Getty Images v Stability AI – Green light for Getty to appeal AI decision

In November of last year, one of the most hotly anticipated judgments was handed down by the Courts in the case of Getty Images v Stability AI. This was the first major ruling which considered how trademark and copyright laws apply to the use of generative AI models in the UK. The judgment was delivered by Mrs Justice Joanna Smith DBE, and the lengthy 205-page document was indicative of numerous issues raised in the claim, many of which were being considered by the Court for the first time. As discussed further below, the Court rejected the majority of Getty’s claim however the tech industry and creatives alike will be watching closely as permission to appeal the decision has been granted.

Background

Getty Images (“Getty”) is a well-known provider of licensed photographic content, and discovered that some of its images seemed to appear in datasets that had been used to certain versions of Stable Diffusion, an imagine generation model developed by Stability AI. Getty brought a claim against Stability AI over the use of their database of images and associated text in the training of the AI model, as well as the outputs of that model, which seemed to resemble their content and even included versions of the famous Getty watermark.

As the claim progressed, however, Getty’s claim considerably narrowed due to the lack of evidence that Stable Diffusion was trained in the UK. Getty therefore abandoned its copyright infringement claims, which require a territorial element in the UK. This means that the Court is still yet to decide on the key issue of whether training and developing AI models in the UK on images protected by copyright constitutes infringement.

Two main claims were therefore left to be decided:

  • Secondary copyright infringement, under sections 22, 23 and 27(3) Copyright Designs and Patents Act 1988 (“CDPA”); and
  • Trade mark infringement, under sections 10(1), 10(2) and 10(3) of the Trade Marks Act 1994.

Secondary Copyright Infringement

Getty contented that, pursuant to section 27(3) CDPA, Stable Diffusion is an “infringing copy” under the CDPA because it has been imported into the UK (through being downloaded) and its distribution in the course of business. The term “infringing copy” is defined in s27 CDPA and a key issue in the judgment is whether Stable Diffusion was “an article” for the purposes of this section. The term “article” is not defined in the statute, and after considering the issue the judge agreed with Getty that the term “article” includes intangible information, following the principle that statute should be interpreted taking into account changes have occurred since the statute was enacted.

Despite this, the Court held that the AI model weights are not a “copy” for the purposes of the CDPA, as it must be a reproduction of a copyrighted work. The Judge held that, despite the model weights being altered by training using works protected by copyright, by the end of the training process the model itself does not store any of those copyright works and are not themselves an infringing copy, but “purely the product of the patterns and features which they have learnt over time during the training process”.

Trade mark infringement

Getty alleged that Stable Diffusion generated images that included their watermarks, or distorted versions of them, in some of its outputs in early versions of the AI model.

The Court found partially in favour of Getty in respect of the trade mark infringement claim, finding that the watermarks generated were trade mark infringement pursuant to 10(2) TMA although the judge highlighted that her findings were “both historic and extremely limited in scope”. She noted that it was impossible to know how many, and on what scale that the watermarks would have been generated in real life by users.
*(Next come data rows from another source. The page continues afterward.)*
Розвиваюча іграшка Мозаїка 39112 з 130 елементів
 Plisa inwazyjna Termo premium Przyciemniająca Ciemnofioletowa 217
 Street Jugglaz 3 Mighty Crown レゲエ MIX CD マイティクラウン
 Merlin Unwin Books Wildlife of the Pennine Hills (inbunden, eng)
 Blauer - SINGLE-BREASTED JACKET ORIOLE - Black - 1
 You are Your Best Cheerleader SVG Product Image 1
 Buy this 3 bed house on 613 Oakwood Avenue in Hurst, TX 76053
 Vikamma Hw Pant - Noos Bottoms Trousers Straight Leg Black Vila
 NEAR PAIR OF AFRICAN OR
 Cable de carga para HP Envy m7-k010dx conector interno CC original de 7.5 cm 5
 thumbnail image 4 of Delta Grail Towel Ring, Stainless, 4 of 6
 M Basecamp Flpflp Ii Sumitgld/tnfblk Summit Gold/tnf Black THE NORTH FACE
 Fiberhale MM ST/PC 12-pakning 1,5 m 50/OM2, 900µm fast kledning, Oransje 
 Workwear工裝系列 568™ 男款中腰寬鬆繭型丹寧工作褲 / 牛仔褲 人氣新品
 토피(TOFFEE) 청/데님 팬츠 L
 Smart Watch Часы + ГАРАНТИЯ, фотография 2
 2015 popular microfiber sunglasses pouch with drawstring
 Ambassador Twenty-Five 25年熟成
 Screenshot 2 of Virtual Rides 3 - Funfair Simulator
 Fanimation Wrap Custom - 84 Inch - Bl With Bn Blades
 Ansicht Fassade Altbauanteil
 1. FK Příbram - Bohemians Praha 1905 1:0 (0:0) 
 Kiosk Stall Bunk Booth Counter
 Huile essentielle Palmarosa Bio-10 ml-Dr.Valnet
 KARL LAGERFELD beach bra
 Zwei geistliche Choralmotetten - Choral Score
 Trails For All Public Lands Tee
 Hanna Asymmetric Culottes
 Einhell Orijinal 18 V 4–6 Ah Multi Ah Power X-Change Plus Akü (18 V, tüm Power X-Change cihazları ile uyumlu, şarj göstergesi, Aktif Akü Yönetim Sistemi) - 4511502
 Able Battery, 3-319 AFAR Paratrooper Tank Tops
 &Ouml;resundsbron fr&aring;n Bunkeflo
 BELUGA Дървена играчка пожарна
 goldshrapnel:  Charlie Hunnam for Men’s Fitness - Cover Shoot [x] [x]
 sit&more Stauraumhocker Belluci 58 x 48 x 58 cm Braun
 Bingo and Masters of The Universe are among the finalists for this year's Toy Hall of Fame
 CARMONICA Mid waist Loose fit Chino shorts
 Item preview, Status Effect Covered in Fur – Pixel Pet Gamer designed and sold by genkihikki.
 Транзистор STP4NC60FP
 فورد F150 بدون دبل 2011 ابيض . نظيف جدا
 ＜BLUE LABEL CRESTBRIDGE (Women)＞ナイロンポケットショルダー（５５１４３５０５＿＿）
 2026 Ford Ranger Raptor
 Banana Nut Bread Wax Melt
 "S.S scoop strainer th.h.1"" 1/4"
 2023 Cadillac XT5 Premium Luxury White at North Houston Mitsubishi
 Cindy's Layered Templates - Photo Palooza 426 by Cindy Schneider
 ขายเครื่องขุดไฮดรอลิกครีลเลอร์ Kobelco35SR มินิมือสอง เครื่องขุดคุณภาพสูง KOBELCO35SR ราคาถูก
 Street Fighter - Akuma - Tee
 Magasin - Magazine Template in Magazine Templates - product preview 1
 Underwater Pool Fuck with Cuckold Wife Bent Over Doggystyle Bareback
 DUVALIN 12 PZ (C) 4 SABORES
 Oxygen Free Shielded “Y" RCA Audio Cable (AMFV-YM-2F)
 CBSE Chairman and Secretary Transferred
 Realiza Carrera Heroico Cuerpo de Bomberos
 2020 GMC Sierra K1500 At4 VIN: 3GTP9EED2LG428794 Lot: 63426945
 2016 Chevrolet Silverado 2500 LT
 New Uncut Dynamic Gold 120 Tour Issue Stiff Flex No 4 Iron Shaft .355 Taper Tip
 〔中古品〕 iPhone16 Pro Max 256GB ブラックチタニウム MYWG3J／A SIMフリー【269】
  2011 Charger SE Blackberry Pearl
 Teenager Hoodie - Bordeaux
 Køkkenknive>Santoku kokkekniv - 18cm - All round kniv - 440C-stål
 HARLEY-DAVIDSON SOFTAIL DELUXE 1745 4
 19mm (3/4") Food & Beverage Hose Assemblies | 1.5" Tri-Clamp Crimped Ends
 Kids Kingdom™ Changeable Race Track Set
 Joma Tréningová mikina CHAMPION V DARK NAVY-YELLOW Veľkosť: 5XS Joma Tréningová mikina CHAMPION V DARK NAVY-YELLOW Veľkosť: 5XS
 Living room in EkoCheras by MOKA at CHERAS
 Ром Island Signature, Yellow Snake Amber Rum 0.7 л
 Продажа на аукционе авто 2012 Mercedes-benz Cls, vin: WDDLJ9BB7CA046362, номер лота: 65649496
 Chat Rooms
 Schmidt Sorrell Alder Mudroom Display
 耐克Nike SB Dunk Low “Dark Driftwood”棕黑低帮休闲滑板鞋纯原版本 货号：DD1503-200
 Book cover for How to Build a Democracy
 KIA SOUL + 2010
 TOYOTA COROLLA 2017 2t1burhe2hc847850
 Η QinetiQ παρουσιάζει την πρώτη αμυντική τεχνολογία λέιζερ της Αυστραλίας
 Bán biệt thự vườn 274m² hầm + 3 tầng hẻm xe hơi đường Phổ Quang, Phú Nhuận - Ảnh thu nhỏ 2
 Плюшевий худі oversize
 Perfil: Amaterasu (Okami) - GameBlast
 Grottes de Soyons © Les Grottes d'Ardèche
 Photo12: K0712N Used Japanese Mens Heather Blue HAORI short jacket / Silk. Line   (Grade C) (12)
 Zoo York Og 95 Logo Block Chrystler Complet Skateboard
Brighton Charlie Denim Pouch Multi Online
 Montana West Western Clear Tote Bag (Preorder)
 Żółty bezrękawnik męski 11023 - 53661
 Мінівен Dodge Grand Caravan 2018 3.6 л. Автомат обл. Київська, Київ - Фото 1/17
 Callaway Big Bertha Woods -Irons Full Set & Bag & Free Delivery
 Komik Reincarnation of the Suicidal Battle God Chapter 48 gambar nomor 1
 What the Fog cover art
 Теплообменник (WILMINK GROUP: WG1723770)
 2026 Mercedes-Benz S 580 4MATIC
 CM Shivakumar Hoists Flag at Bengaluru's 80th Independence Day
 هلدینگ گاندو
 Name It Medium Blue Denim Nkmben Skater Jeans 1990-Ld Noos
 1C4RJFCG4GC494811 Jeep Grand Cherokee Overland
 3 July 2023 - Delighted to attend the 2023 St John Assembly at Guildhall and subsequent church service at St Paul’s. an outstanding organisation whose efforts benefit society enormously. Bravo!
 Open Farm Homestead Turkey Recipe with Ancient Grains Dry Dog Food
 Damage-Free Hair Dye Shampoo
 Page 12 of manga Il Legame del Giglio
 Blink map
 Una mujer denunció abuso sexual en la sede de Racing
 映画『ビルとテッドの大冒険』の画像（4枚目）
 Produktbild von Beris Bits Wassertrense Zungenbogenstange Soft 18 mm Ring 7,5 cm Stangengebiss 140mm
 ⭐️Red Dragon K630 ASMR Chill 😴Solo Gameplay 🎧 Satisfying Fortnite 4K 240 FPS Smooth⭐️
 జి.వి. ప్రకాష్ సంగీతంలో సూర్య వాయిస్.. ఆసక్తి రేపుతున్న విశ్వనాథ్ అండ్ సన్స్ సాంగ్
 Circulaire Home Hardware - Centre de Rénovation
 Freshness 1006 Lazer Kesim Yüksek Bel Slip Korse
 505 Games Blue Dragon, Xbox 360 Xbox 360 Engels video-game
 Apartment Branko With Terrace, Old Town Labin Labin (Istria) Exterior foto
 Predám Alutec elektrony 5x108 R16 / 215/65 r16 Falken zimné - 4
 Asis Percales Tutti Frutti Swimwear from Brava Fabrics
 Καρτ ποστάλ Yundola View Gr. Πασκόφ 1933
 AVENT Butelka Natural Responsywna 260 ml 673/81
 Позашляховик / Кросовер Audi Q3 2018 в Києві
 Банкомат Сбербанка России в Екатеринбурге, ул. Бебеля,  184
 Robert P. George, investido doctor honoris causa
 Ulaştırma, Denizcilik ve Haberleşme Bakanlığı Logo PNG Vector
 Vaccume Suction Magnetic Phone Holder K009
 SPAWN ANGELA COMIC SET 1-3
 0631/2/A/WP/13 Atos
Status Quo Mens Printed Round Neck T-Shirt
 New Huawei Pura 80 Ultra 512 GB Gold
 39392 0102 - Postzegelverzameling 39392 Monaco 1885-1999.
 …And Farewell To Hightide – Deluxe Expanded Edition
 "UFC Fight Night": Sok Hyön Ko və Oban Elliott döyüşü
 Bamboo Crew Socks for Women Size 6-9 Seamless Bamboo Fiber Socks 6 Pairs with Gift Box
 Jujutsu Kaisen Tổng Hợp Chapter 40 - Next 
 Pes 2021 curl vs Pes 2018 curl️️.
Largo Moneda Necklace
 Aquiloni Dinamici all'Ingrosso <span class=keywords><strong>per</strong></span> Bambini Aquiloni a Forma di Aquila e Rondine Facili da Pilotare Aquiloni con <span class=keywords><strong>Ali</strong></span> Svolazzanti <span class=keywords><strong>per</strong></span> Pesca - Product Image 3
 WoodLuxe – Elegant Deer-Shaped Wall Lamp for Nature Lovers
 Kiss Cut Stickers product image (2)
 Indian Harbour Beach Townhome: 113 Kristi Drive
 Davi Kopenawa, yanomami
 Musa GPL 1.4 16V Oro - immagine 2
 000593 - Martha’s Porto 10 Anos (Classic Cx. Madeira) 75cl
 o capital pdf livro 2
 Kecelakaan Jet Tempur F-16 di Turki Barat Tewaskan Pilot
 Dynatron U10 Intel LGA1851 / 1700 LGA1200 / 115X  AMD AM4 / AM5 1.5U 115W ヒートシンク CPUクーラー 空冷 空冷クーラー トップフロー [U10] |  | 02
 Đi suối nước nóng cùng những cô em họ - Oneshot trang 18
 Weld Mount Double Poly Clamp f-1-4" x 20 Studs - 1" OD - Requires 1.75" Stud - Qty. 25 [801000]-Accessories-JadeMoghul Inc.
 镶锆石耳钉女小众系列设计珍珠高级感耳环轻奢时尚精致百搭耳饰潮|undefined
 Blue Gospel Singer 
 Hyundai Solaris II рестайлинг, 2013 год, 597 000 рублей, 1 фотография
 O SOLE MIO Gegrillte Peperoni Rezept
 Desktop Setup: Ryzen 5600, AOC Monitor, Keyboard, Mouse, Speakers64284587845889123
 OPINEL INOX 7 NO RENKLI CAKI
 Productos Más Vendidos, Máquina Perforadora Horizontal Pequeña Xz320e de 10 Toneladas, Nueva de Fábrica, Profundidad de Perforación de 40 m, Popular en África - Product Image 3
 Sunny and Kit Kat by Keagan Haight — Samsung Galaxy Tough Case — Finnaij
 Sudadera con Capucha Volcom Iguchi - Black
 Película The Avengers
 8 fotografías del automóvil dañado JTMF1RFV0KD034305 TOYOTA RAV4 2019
The judgment was likely to be disappointing for artists and creatives, whose copyrighted works are often used in the training and development of LLMs (Large Language Models). Developers of AI models will likely welcome the court’s decision, particularly in rejecting the argument that model parameters themselves are infringing.

Appeal

There is still a great deal of uncertainty for rights holders and developers alike as to what the future of AI litigation may look like. Developers of AI may take heart from the decision however may want to mindful of where any models are trained and consider training models outside of the UK until there is more certainty as to the position. On 16 December 2025, the Judge granted permission for Getty to appeal her judgment in relation to the secondary infringement claim, and so many will be closely following to see if the Court of Appeal will affirm the High Court’s decision.

Disclaimer: This article provides general guidance only and does not constitute legal advice. Civil procedure rules and case law can change. Always seek professional legal advice tailored to your specific situation before acting.